Economics is easy, anyone can understand it. In his novel David Copperfield, Charles Dickens explains the whole dismal science in a couple of sentences when Mr. Wilkins Micawber advises David Copperfield; "Annual income twenty thousand, annual expenditure nineteen thousand nine hundred and ninety nine, result happiness. Annual income twenty thousand, annual expenditure twenty thousand and one, result misery." And that's all you need to know. (Dickens fans will note that I updated the amounts. That's inflation for you.)
After the 2010 UK General election when the coalition government inherited a mess from the defeated Labour administration, a former Labour finance minister grudgingly admitted that his party "didn't regulate the banks toughly enough". That doesn't come anywhere near to admitting that under Labour between 1997 and 2010 a monster was created, and unleashed on the British economy. Now, we must live with this monster, which gobbles up jobs, and hopes, and dreams. It is the GDP monster and has already destroyed manufactiring, retailing and the service industries. They only way it can grow now is if the government keeps increasing its spending and pumping more of their revenue and borrowings back into the monster's feeding trough.
We live in "fast buck economy", a "fast buck economy" that seems to be destroying the Western world. We didn't need to. We didn't need to make financial services the biggest industry, we did not need to crate a housing bubble by lending money secured on worthless assets to unreliable people. We didn't need a new PC every two years or to throw out a perfectly good domestic appliance because the replacement uses slightly less energy. We didn't need to live in a bubble made out of debt. But we did what we did because our governments and the banks did, businesses did and our neighbours did, and here we are.
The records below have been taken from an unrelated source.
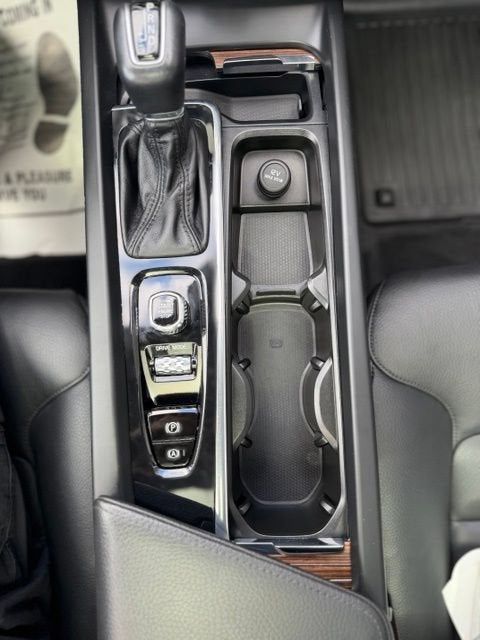 2021 Volvo XC60 T5 Momentum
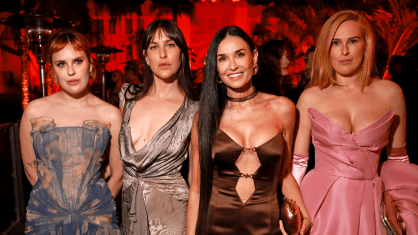 Da esquerda para direita: Tallulah Willis, Scout LaRue Willis, Demi Moore, and Rumer Willis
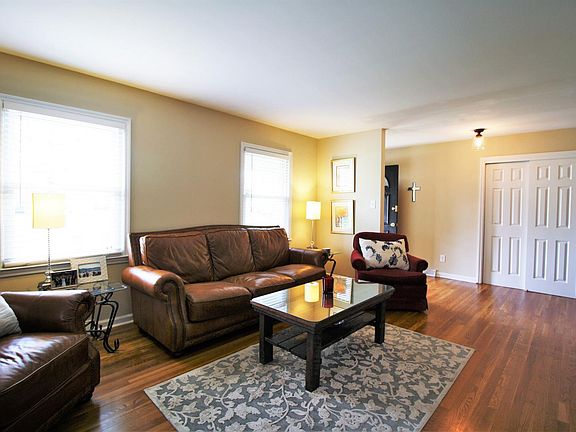 5th image of 3420 Westridge Cir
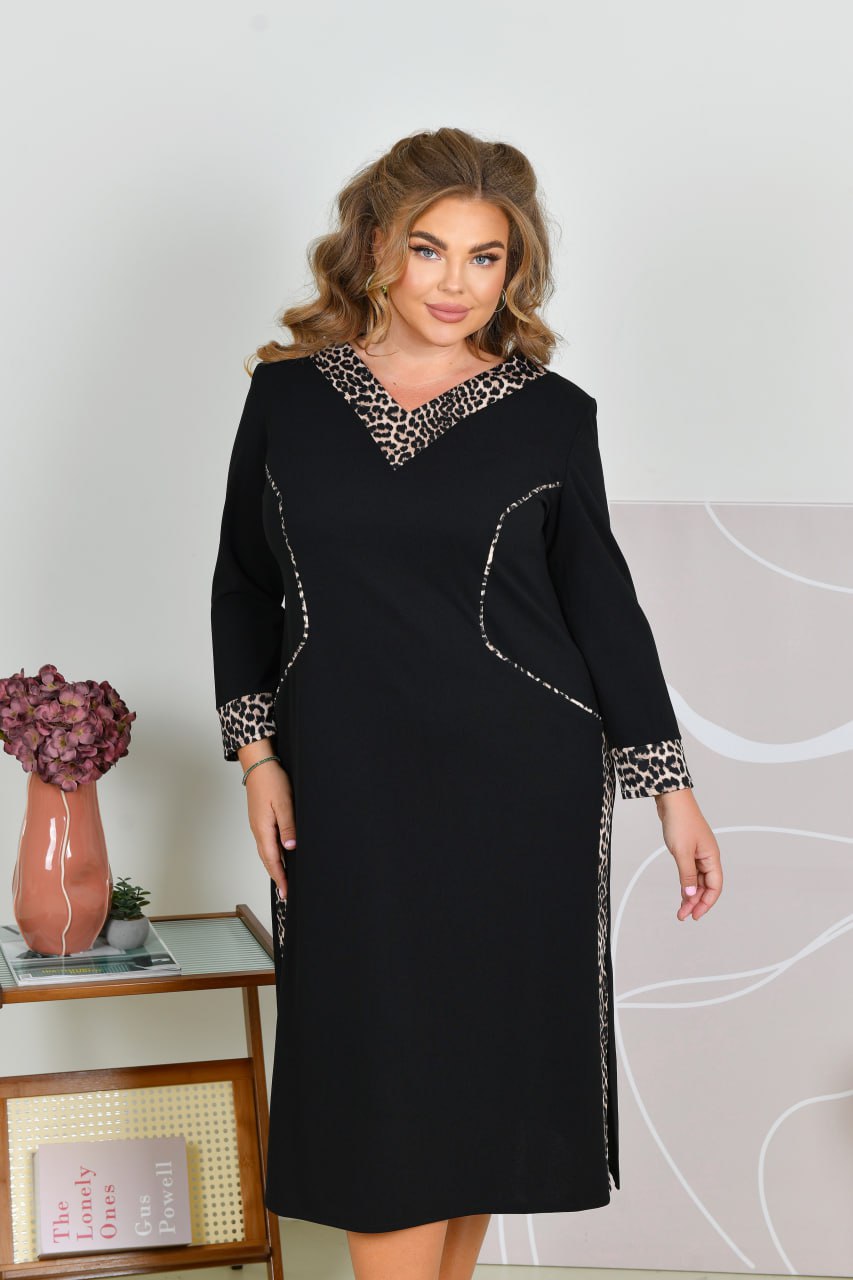 Kleid in Schwarz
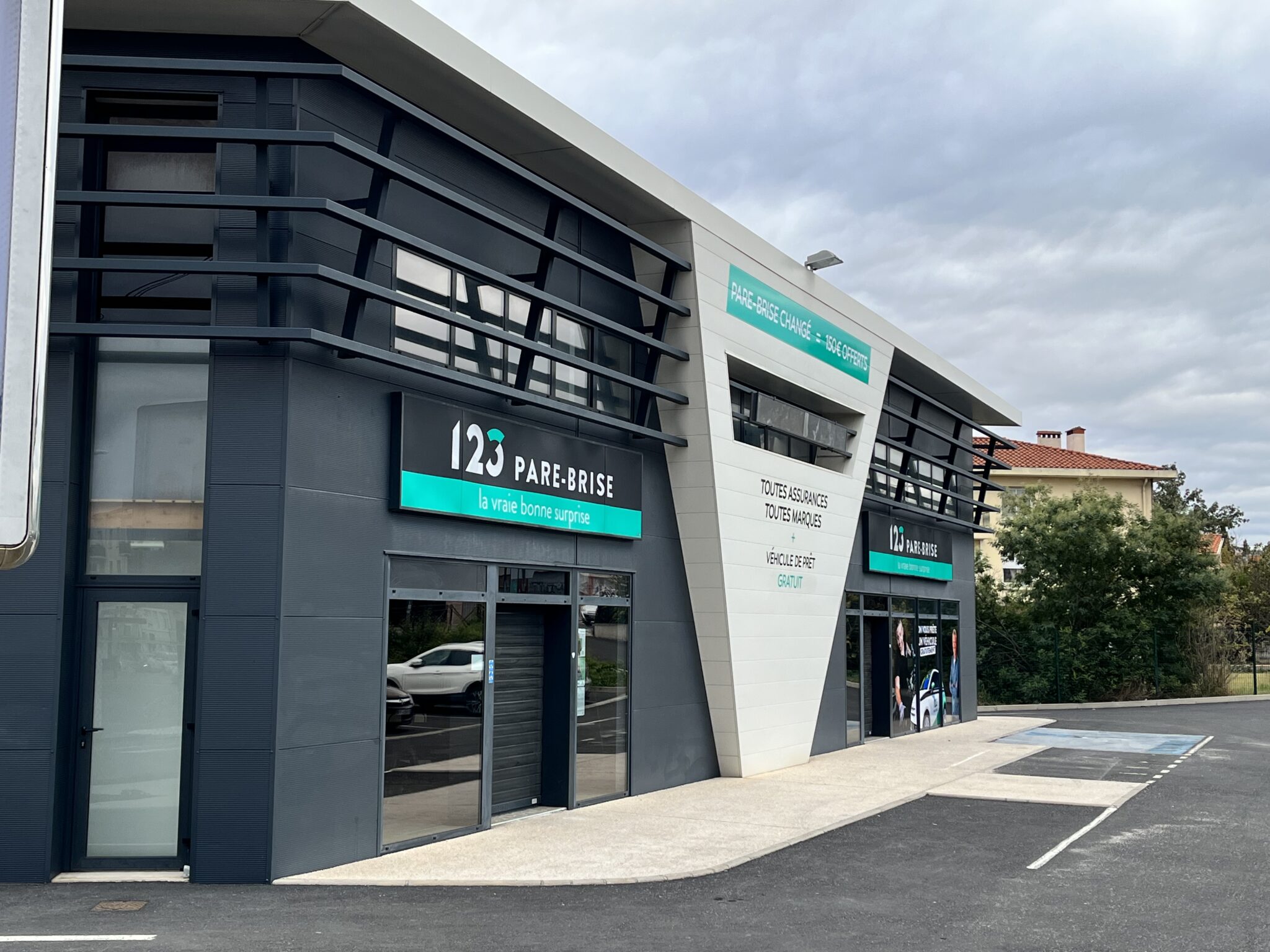 Agence 123 Pare Brise Perpignan sud devanture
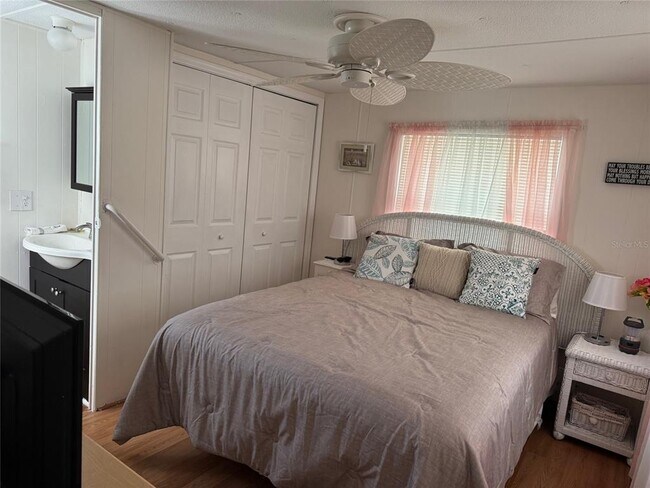 Building Photo - 714 Locarno Dr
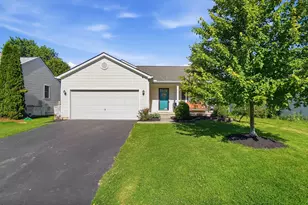 152 Rome Dr, Pataskala, OH 43062 - Photo 1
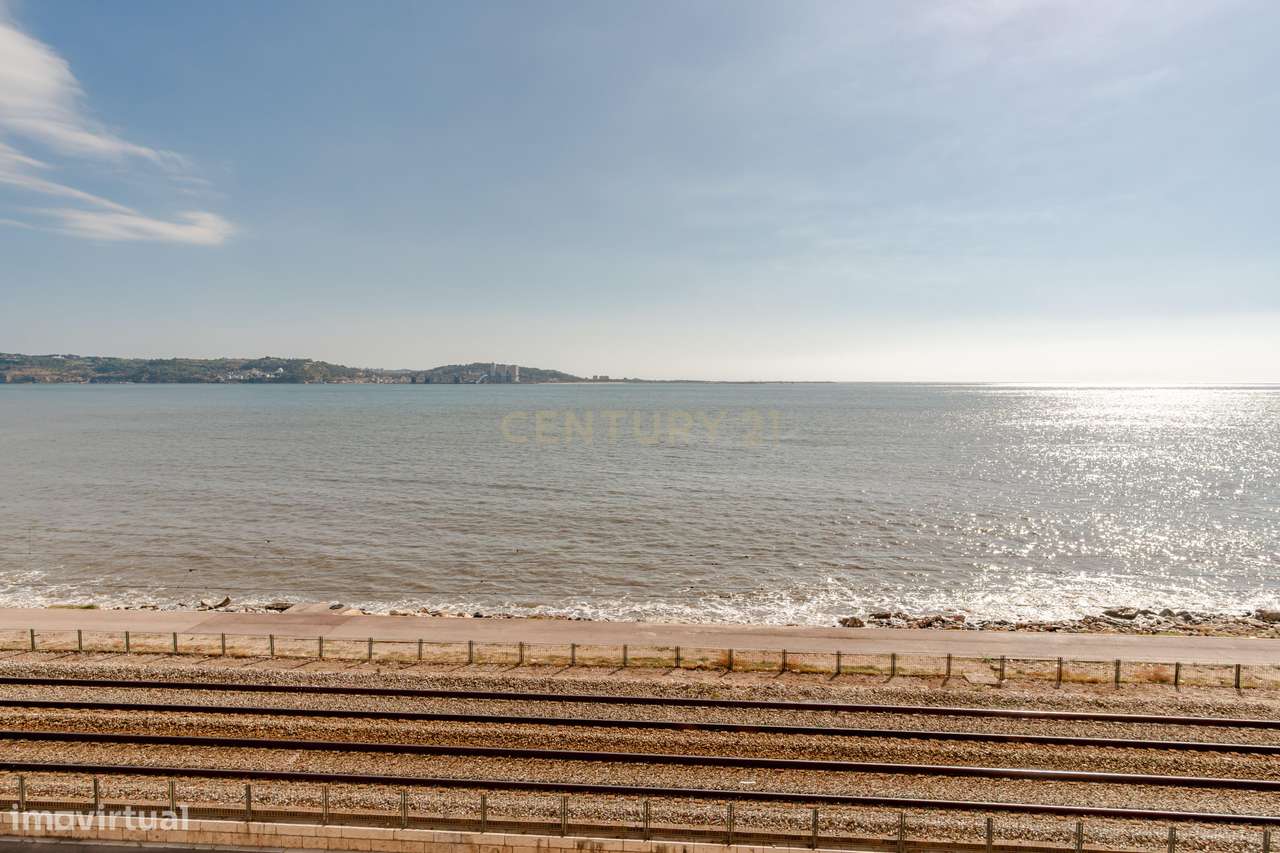Espetacular apartamento T4 com vista deslumbrante sobre o rio Tejo – C-40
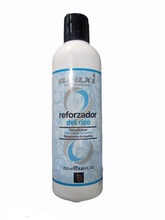 Cargar imagen en el visor de la galería, Gel Reforzador del Rizo Aluxi 250 ml
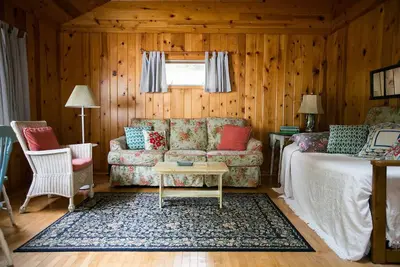 Image de Cozy Resort Cottage, 1 Minute Walk to Private Beach, Dock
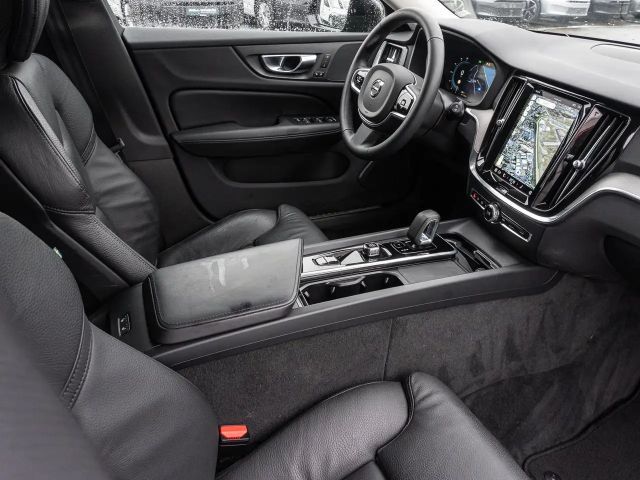 Volvo V60 Cross Country AWD Plus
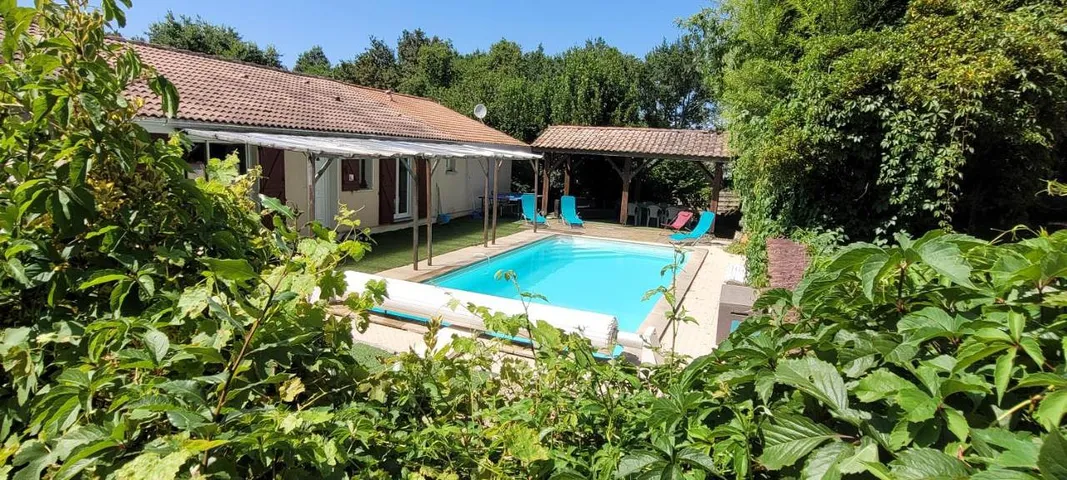 Casa de vacaciones para 8 personas, con vistas además de jardín y piscina - 1
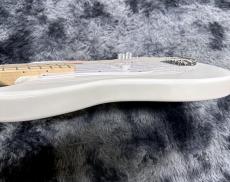 Squier Sonic Bronco Bass Arctic White / Maple【定番エントリーモデル!】【2025年製】_8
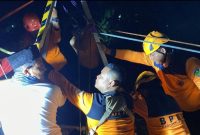Tim SAR gabungan sedang mengevakuasi Muh. Muzaky (21) dari dasar sumur yang berada di belakang rumahnya, Desa Geneng, Batealit, Jepara, Kamis (6/3/2025).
That "independent trader", was right, the Euro cannot be fixed, with all Europe's weakest economies tied to the German economic powerhouse things can only get worse. Greece, Portugal and Ireland have already failed, next it will be Spain, then Italy. Even France is in danger. Another recession looks inevitable in fact the last recession and the one before that never really ended, all that happened was governments and banks created funny money to give an illusion of recovery. We borrowed from the future to pay for the past. I hope that the developed nations that have all made the same mistakes, get the chance to build an economy that's made less of hot air, and more of things you can see and touch. It was Brueghel, by the way – the painter not the think tank – who painted Landscape with the Fall of Icarus. There was a lad knew all about flying too close to the sun.